Is Pujara Dravid in disguise?
The India – England test series, the grudge series, or the revenge series, which the media and the broadcasters have been projecting it as, has finally started in Ahmadabad, and as expected India are on top of England with two days of the first test played.
India got off to the best possible start after winning the toss and electing to bat, with the two out of form openers putting up a solid 134-run opening stand.
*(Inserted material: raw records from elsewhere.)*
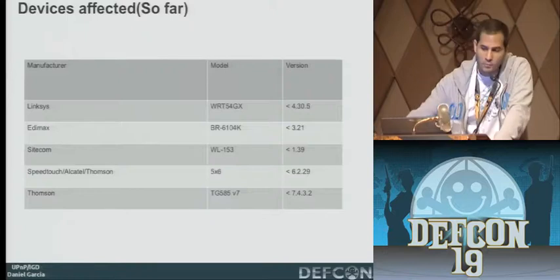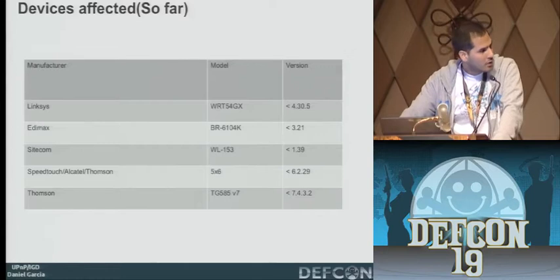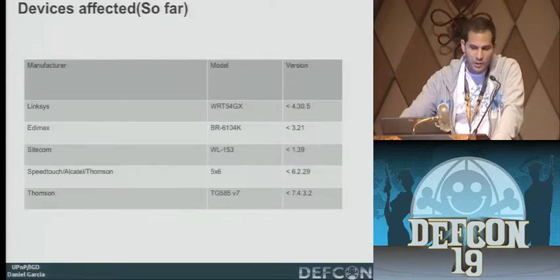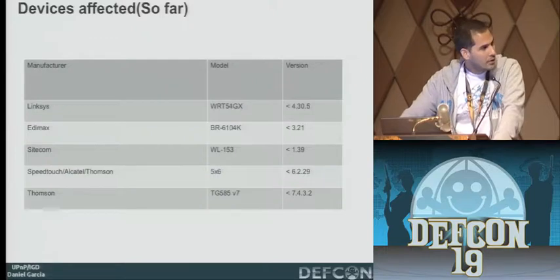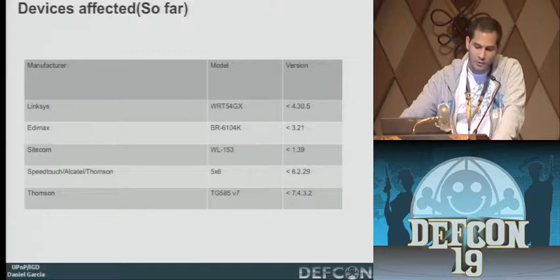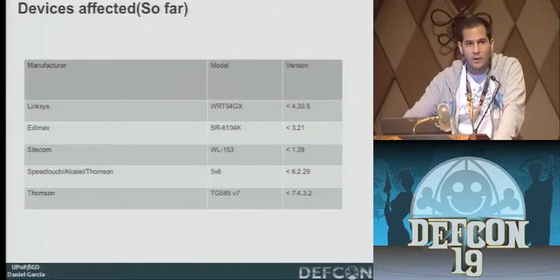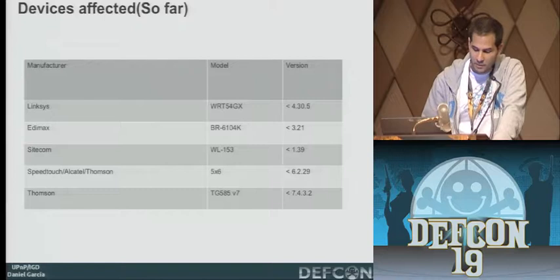As for devices affected — we don't know yet how many. Some vendors have taken note: Linksys, Edimax, SiteCom, Broadcom. But the most common vulnerable stack on the net is the SpeedTouch, now Technicolor stack. We have devices roaming the net in large numbers.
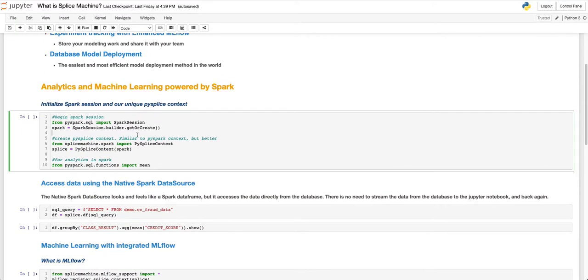We will begin our analysis by starting a regular Spark session. Then we will call our custom pie splice context, which allows us to integrate directly into our database.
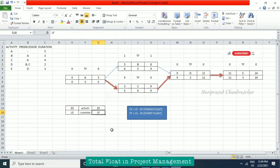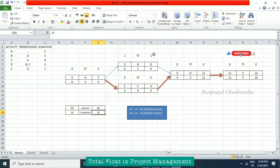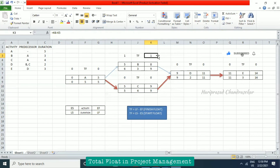Total float is what determines which activities are critical and which are not. If your project shows 220 total float, that means you can delay that activity by 220 days without affecting the project completion date. Total float is also known as slack. If total float is zero, you cannot delay that activity at all. If there is a number, you can delay it by that many days.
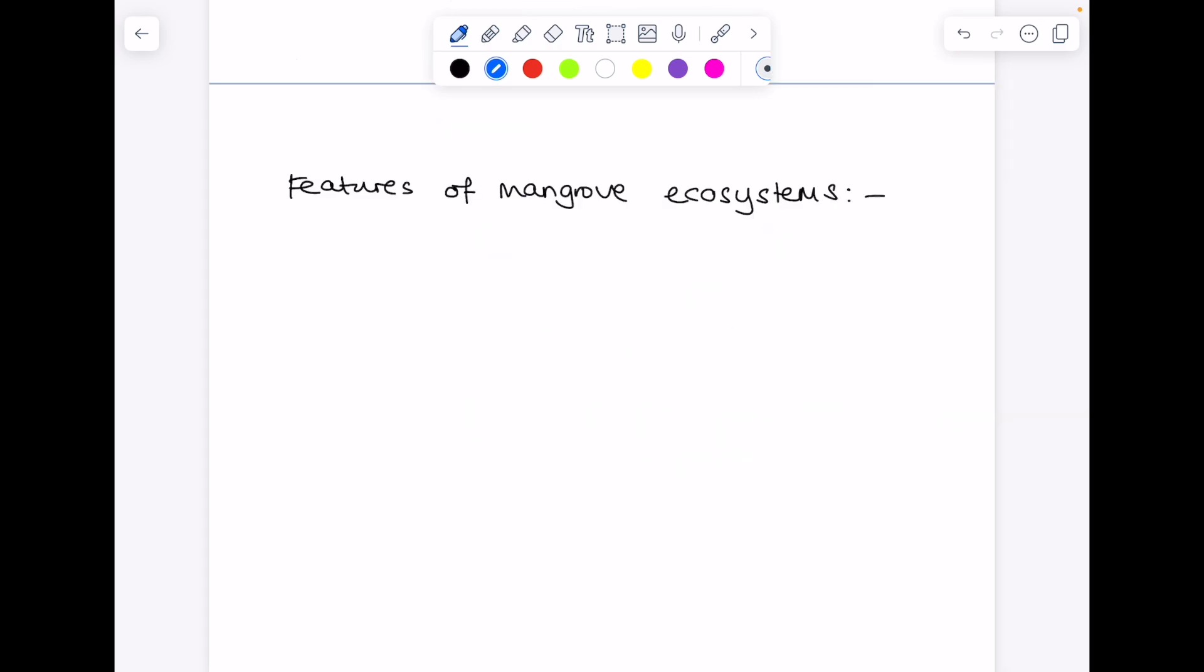So what are the features of mangrove ecosystems? Well, first of all, you'll find that they are trees which effectively have one foot in the sea, one foot on land. So they're trees which live on the coastline.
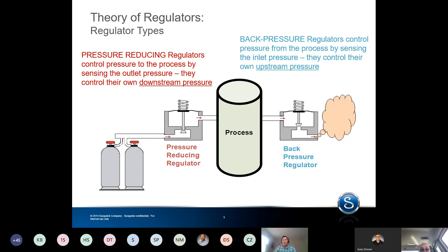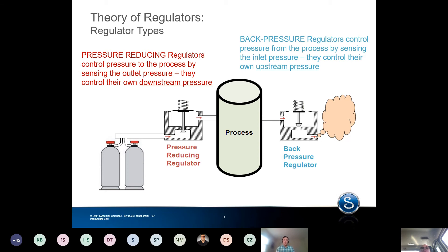Most regulators used in the industry are the pressure reducing type — we see about 75% pressure reducing to 25% back pressure. So most of our discussions today are going to be around the pressure reducing type because those are most common. A lot of the concepts we talk about are applicable to back pressure regulators, and if you do have back pressure regulator questions, don't hesitate to ask.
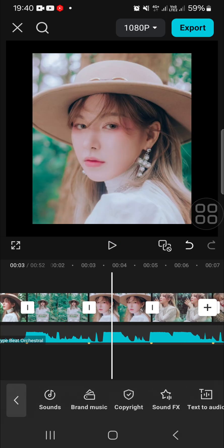And that's all there is to syncing photos to music beat in CapCut mobile. I hope this video will be useful for you. Thank you so much for watching, and see you in the next video.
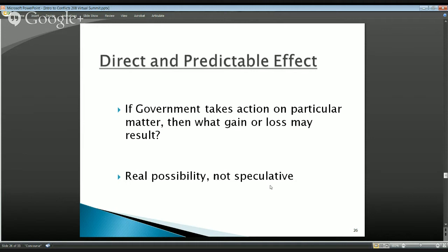Contracts are a somewhat easier example for determining predictability. If we're working with a contractor in an industry that has only three contractors, then the real possibility of a direct and predictable effect based on government action is much higher. However, this is an element we have to be very careful with — it's interesting academically, but in reality, when advising employees, I don't like to stand on it in order to allow an employee to go forward and participate.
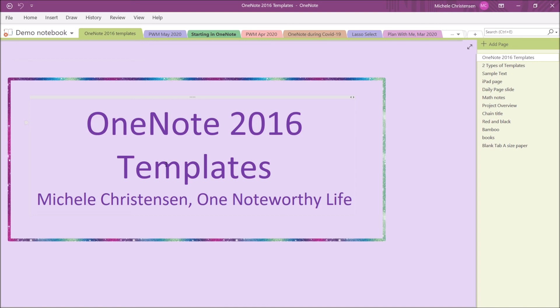Some of those features are really valuable to users. As long as we have OneNote 2016, which we will for a few more years as of the filming of this video, we can feel free to use these features.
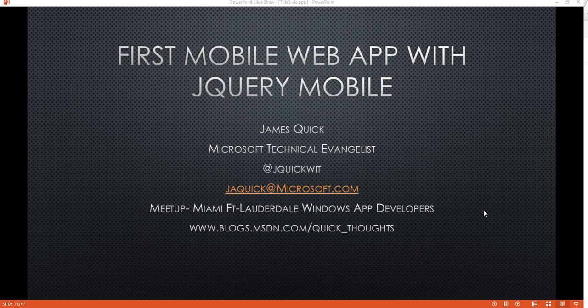Hey guys, this is James Quick, Microsoft Technical Evangelist here in South Florida. On the screen right now, you can see my contact information. As usual, my Twitter handle is @jquiquit. My Microsoft email address is jaquick@microsoft.com.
When Gambhir got out after lunch, in came Cheteshwar Pujara at number three, a position which was occupied for a long time in the Indian batting line up by the Great Wall of India, Rahul Dravid.
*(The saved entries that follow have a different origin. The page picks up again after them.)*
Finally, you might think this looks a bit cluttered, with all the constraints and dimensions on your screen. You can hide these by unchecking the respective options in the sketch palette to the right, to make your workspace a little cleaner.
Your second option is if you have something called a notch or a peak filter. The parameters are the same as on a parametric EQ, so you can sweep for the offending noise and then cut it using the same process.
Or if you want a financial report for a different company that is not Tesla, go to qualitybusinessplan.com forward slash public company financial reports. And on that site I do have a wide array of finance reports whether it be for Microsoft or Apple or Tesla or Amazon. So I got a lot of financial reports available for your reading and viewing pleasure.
After Rahul Dravid’s retirement from the all forms of cricket following the two humiliating overseas defeats at the hands of England and Australia, there was only one name that would have clicked in the Indian selectors’ heads to replace that spot of his, and it was none other than Pujara, courtesy his tremendous record in the domestic circuit.
So what would the former number three have done after being handed such a good platform? Grinding his way at the start of the innings, piling up runs slowly and steadily without notice, surviving good spells of bowling, holding the innings together, scoring a big hundred and helping the team bat the opposition out of the match by putting up a huge first innings score. Pujara delivered exactly this same sort of innings which the Wall, Dravid, would have played in such a scenario.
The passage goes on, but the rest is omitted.